Ortaklığın giderilmesi davalarında taksim istenmesi halinde dava konusu her taşınmazın ayrı ayrı ele alınarak pay ve paydaş durumuna göre taksimin mümkün olup olmadığının araştırılması gerekir. Paydaşlar muvafakat etmediği takdirde taşınmazın bir kesimi paydaşlar arasında paylı "müşa" bırakılamaz. Davada sulh vaki olmadığı sürece bir kısım taşınmazların bazı paydaşlara diğerlerinin sair paydaşlara verilmesi biçiminde re´sen taksime gitmek mümkün değildir. Taksimde her bir taşınmazın pay ve paydaş durumuna arazinin verim niteliğine göre taksimin mümkün olup olmadığının bilirkişi aracılığıyla saptanması gerekir. Payların denkleştirilmesi için ivaz ilavesi icap ediyorsa onunda bilirkişilerin raporunda belirtilmesi gerekir. Taksim mümkünse fen ehline taksim projesi düzenlettirilir. Taşınmaz Belediye ve mücavir alan hudutları içinde ise taksim projesi eklenerek Belediye´den imar kanunu ve yönetmeliği uyarınca bu taksime imkan olup olmadığı sorulur, taşınmaz Belediye ve mücavir alan dışındaysa aynı husus İl İdare Kurulundan sorularak saptanır. Taksim tarzında yani taksim projesindeki bölümlerin hangi paydaşa verileceği konusunda taraflar anlaşamazlarsa mahkeme huzurunda kura çekilerek hangi kesimin hangi paydaşa verileceği belirlenir.

Olayımızdaavaya konu edilen taşınmazın müşterek mülkiyet halinde bulunması sebebiyle anlaşma sureti ile aynen taksimine karar verilmesi mümkün değildir. Ancak mahallinde yapılan keşif sonucu tanzim olunacak krokide taksimin mümkün olduğu belirtildikten sonra onay makamının görüşünün alınması gerekir. Yapılan keşif hükme yeterli değildir. Bu bakımdan yukarıdaki esaslara göre yeniden mahallinde keşif yapılarak sonucuna göre bir karar verilmek gerekirken noksan inceleme ile yazılı biçimde karar verilmesi doğru olmadığı gibi taşınmazın bir kısmının yola terk edilmesi konusunda tarafların tümünün beyanlarının alınmamış olması da hatalı olmuştur.
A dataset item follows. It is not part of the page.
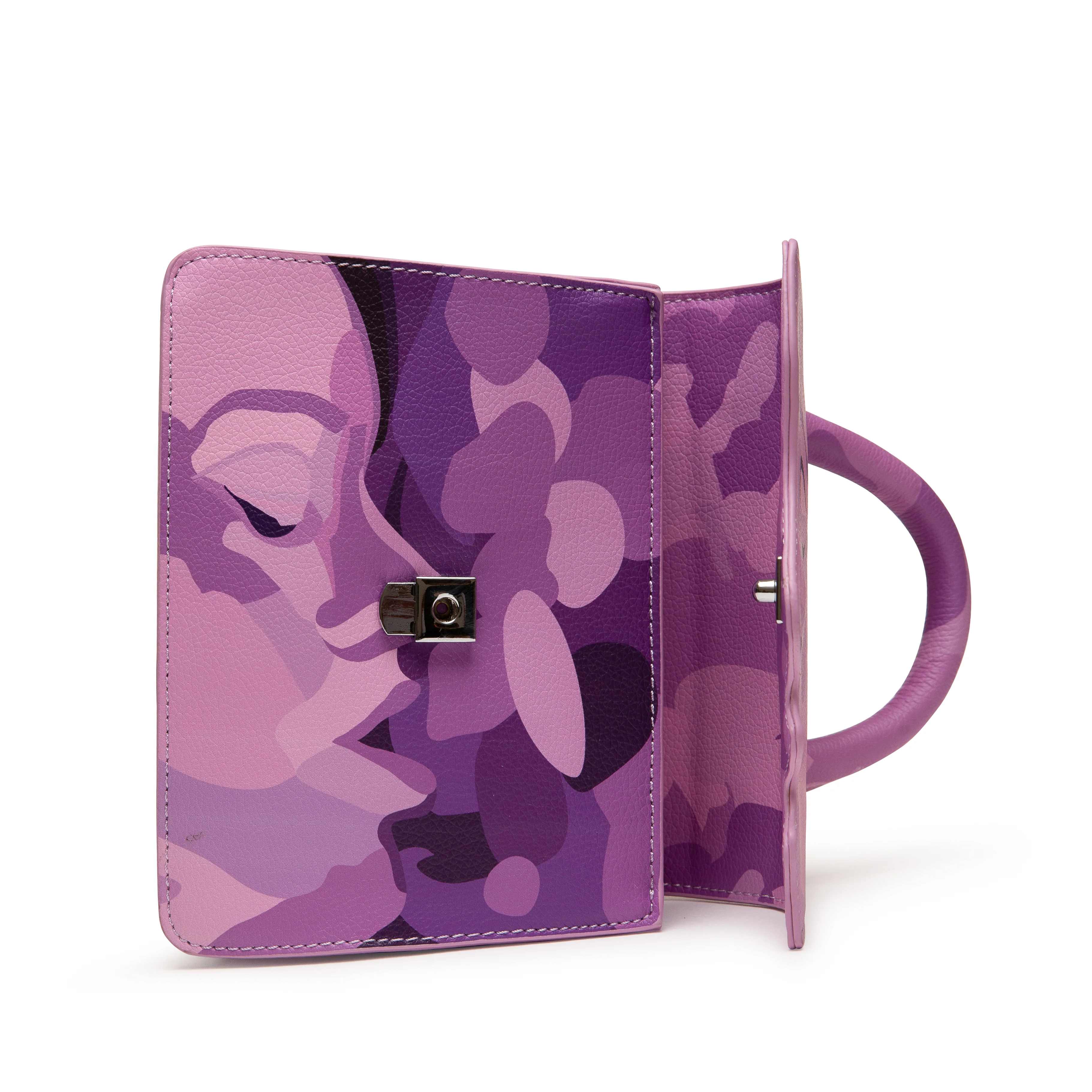 Kissing Bag [Grape] - Image 6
Hüküm bu sebeple bozulmalıdır.

SONUÇ: Yukarda açıklanan sebeple temyiz itirazlarının kabulü ile H.U.M.K.nun 428.maddesi uyarınca hükmün BOZULMASINA ve istem halinde peşin alınan temyiz harcının temyiz edene iadesine 21.3.2002 gününde oybirliğiyle karar verildi.